The first phase of the BRI was already initiated by China and is expected to end by 2021

The first phase of the BRI was already initiated by China and is expected to end by 2021, and the whole project is projected to be completed by 2049. The total investment projected by China in the implementation of the first phase is USD 240 billion. However the cost will vary depending on the number of countries participating as well as projects funded.

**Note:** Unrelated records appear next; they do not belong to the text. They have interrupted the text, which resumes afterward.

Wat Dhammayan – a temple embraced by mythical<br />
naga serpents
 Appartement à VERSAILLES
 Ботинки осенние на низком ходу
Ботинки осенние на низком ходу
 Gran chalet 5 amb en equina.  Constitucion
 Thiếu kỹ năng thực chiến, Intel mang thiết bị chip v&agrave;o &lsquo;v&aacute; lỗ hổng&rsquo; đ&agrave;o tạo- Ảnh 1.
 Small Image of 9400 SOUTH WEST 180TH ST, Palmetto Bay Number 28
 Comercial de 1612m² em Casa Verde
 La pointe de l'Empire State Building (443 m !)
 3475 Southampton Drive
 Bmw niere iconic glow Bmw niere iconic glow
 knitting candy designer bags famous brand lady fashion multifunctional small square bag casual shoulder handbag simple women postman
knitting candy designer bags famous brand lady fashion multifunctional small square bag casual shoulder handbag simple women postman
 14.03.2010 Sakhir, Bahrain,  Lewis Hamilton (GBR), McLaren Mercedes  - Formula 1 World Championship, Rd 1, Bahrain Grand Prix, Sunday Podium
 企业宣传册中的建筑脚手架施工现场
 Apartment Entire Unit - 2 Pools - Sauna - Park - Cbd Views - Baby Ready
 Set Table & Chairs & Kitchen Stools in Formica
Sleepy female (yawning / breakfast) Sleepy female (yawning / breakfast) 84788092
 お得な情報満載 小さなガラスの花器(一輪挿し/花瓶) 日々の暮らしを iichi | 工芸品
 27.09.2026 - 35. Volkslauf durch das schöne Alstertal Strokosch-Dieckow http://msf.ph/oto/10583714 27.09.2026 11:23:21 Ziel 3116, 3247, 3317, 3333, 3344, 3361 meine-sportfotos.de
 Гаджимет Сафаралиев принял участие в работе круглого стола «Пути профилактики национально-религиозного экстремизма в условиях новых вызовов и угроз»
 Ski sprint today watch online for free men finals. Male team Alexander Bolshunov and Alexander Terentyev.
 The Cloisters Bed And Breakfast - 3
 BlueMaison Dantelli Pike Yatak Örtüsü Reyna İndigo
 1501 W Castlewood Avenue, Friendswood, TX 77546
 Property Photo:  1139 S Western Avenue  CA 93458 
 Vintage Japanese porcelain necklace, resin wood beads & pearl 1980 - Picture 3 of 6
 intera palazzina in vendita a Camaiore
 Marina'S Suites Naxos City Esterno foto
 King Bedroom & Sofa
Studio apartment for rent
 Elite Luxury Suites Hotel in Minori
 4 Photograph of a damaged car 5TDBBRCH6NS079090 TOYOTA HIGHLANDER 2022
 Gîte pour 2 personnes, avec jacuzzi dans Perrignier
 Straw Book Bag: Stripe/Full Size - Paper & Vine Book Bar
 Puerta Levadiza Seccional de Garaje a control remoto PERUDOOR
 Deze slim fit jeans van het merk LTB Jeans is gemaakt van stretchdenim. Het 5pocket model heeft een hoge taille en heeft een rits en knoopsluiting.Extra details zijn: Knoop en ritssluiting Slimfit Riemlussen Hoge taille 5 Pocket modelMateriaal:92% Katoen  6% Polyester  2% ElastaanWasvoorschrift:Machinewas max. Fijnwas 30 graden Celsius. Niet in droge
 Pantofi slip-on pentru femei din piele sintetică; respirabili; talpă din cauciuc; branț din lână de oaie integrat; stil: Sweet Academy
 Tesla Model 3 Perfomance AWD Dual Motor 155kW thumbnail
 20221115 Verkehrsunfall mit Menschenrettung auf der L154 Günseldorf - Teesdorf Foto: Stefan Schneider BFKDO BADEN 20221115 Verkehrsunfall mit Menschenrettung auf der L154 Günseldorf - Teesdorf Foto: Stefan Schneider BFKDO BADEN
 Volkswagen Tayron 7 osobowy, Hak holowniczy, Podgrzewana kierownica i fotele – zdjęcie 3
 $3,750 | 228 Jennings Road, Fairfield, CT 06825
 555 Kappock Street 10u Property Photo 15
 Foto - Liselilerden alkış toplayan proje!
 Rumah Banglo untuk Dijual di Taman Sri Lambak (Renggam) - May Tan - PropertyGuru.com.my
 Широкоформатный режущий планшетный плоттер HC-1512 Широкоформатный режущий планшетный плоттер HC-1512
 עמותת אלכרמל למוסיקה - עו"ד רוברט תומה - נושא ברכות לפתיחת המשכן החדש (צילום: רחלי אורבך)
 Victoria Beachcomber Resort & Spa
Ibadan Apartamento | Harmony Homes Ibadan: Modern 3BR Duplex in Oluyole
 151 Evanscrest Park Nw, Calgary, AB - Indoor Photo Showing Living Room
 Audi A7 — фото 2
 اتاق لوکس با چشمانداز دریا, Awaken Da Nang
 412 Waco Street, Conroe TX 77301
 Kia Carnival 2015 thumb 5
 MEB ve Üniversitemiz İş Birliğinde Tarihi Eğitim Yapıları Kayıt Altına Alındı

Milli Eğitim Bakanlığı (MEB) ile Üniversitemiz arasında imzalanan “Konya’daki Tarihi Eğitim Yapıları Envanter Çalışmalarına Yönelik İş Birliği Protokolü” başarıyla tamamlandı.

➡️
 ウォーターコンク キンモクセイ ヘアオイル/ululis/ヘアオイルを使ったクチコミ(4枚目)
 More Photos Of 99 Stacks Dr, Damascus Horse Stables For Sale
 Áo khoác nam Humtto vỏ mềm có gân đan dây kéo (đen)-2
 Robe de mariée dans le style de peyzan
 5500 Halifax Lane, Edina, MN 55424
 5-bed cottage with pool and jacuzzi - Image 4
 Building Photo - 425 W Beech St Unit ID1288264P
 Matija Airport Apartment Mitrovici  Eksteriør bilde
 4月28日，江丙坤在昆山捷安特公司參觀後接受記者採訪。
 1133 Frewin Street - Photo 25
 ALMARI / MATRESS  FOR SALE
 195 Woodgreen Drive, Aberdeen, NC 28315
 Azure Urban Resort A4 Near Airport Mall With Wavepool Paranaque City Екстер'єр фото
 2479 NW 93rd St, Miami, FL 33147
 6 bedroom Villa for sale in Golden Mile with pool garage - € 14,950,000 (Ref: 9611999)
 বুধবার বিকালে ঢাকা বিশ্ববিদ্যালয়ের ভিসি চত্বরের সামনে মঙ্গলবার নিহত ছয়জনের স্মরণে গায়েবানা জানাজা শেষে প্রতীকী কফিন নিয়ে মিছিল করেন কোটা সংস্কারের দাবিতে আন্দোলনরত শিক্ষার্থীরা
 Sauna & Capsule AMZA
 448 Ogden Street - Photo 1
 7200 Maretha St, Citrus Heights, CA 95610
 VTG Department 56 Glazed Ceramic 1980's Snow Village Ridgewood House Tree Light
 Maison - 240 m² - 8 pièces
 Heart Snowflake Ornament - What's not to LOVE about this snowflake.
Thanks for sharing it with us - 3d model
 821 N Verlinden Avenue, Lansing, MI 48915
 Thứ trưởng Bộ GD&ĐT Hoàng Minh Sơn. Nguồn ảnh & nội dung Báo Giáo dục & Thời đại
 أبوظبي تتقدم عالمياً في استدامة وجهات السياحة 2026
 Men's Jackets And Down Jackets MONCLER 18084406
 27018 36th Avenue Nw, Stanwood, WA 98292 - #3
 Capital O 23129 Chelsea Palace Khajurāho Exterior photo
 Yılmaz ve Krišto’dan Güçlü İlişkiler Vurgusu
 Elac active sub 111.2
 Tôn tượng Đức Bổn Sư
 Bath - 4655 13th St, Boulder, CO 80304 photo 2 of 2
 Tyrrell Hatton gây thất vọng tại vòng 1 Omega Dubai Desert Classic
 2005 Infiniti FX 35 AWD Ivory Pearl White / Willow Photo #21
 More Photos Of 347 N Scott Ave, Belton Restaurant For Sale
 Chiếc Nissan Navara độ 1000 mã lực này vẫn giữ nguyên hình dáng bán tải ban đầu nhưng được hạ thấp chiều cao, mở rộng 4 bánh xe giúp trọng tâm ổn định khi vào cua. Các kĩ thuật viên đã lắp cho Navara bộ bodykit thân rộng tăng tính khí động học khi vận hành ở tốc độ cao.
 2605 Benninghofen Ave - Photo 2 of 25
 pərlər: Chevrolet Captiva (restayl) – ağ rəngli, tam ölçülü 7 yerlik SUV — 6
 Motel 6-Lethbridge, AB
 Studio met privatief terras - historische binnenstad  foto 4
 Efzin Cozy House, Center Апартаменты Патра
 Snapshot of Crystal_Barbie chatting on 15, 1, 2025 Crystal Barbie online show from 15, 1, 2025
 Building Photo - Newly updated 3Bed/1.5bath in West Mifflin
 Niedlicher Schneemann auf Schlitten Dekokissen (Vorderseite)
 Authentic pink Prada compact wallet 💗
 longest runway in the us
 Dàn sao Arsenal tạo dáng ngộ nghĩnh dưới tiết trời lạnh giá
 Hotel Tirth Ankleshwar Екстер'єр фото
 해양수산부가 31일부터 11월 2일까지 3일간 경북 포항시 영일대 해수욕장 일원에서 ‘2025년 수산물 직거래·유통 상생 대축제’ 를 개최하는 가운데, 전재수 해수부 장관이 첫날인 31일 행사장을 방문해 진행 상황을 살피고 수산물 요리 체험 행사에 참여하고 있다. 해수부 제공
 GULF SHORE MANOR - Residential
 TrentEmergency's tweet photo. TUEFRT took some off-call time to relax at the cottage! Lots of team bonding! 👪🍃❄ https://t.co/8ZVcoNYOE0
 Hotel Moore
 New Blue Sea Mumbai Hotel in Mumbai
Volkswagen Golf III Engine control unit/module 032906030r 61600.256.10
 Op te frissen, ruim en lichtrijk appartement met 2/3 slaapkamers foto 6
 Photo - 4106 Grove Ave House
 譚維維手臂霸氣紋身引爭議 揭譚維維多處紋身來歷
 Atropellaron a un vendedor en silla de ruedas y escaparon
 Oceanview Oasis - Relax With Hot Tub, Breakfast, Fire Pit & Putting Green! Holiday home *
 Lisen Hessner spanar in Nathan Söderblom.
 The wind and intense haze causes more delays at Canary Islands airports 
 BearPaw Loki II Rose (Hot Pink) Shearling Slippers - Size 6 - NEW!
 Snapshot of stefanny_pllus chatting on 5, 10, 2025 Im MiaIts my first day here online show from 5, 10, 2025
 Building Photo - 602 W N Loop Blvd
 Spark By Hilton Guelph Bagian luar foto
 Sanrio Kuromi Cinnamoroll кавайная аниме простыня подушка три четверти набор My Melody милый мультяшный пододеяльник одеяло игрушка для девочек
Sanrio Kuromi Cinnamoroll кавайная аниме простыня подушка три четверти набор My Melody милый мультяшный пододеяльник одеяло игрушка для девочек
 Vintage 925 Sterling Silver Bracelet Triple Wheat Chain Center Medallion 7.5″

As China builds infrastructure in partner countries in the Asia Pacific region, this will bridge, to some extent, domestic infrastructure gaps. Asian Development Bank (ADB) forecasts the gap at around USD 1.7 trillion per year. China, to its credit, is one of the few countries willing to finance in addressing that gap through its USD 10 trillion economy, with spending of nearly 150 billion USD a year, in the 68 countries that have signed up to the initiative. In May 2017, a government-sponsored forum revealed that China would invest up to USD 150 billion over the next five years. The Asian Infrastructure Investment Bank (AIIB), Silk Road Fund and the New Development Bank were established by China to address the enormous task of funding the infrastructure projects along the Belt and Road. These three primary institutions have a registered combined capital of USD 240 billion. BRI funding basically came from the Chinese government along with a variety of sources like Commercial Banks and private entities, and are supposed to earn a return for their financial backers. According to official figures, China’s direct investment in BRI countries amounted to USD 56 billion from 2014 to 2017. This does not includes loans from China’s banks, including state-directed “policy banks” such China Development Bank, amounting to USD 180 billion by the end of 2017, and Export-Import Bank of China amounting to USD 110 billion by the end of 2016. Other financial institutions that can be tapped for BRI funding are: the BRICS New Development Bank, the China-ASEAN Interbank Association, SCO Interbank Association and Sovereign Wealth Funds. It also promotes the use of commercial equity investment funds and other private funds in the construction of key projects. No standard parameters were mentioned as for the mode of payment. Projects may be funded through government-to-government grants, the export credit models such as the buyer credit and supplier credits, or the Public Private Partnership model.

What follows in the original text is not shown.